The same goes for the expression used to terminate someone’s employment. People used to “get the sack”. Now they’re “let go”, clearly a self-serving distortion of the actual meaning of the words. “We had to let Jackson go” implies that Jackson was desperate to leave the job and his employer was reluctantly forced to accede to his wishes; when the truth is that there was a corporate merger and, oh dear, here comes another Americanism – “Jackson was downsized”. Jackson’s stature of course remained the same. In reality, what is meant is: “We just didn’t need Jackson any longer”.

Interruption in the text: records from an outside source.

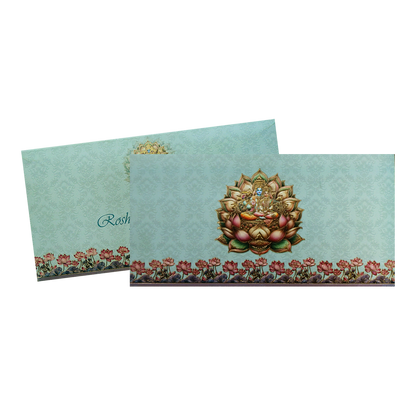 Blue Pastel Vishnu Lakshmi Boxed Wedding Card-KPR06480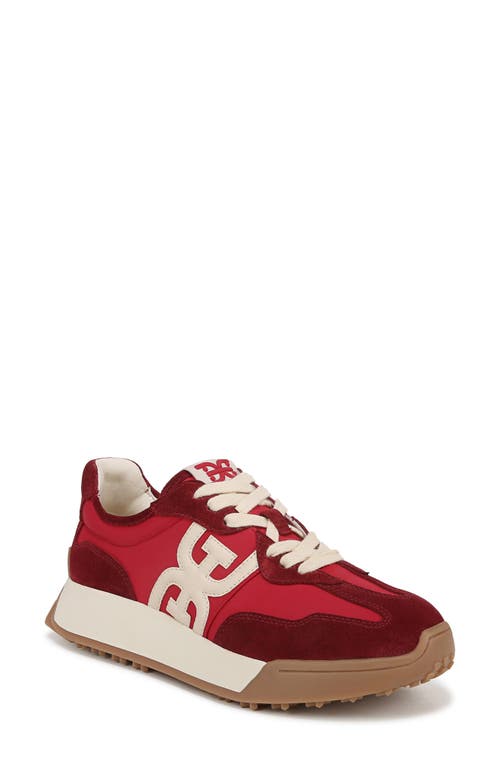 Sam Edelman Langley Sneaker In Deep Scarlet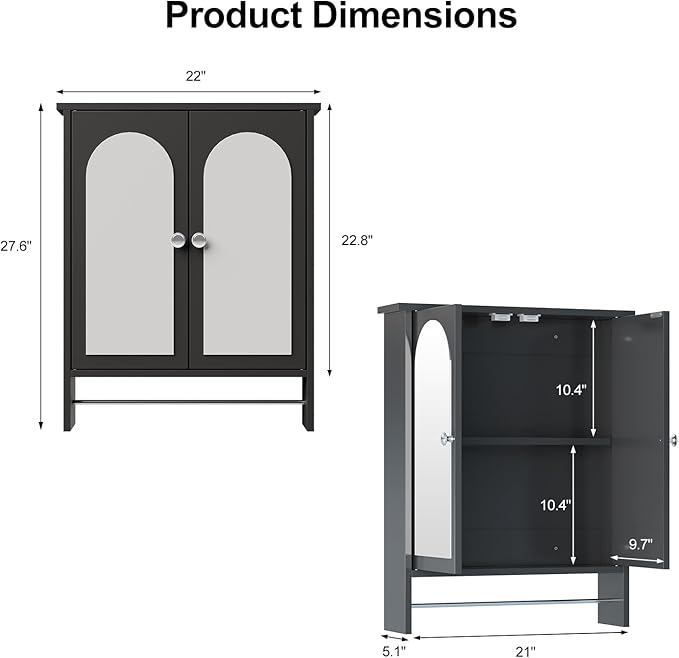 Bathroom Medicine Cabinet Mirror,Arched Bathroom Cabinet with Mirror,Surface Mount Medicine Cabinet Wall Mounted,Mirrored Medicine Cabinets with Towel Bar,Black Wall Cabinet 22x28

While we’re on “need”, that’s a word routinely misused in the US, and that misuse is being copied in England. Instead of saying, “John, call Smith, please”, people are beginning to adopt the American: “I need you to call Smith”. More offensive is using it as an instruction: “You need to call Smith”. In fact, you don’t need to call Smith at all. This is merely a euphemistic way of trying to turn my instruction into your necessity.
It infuriates me when American usage reverses the meaning a word has always had in English. A good example is “oversight”. An oversight used to mean “something that had been missed, overlooked or forgotten”. In contrast, in the US, Congressional Committees have always been described as “oversight committees”, which doesn’t mean that all they do is look into mistakes.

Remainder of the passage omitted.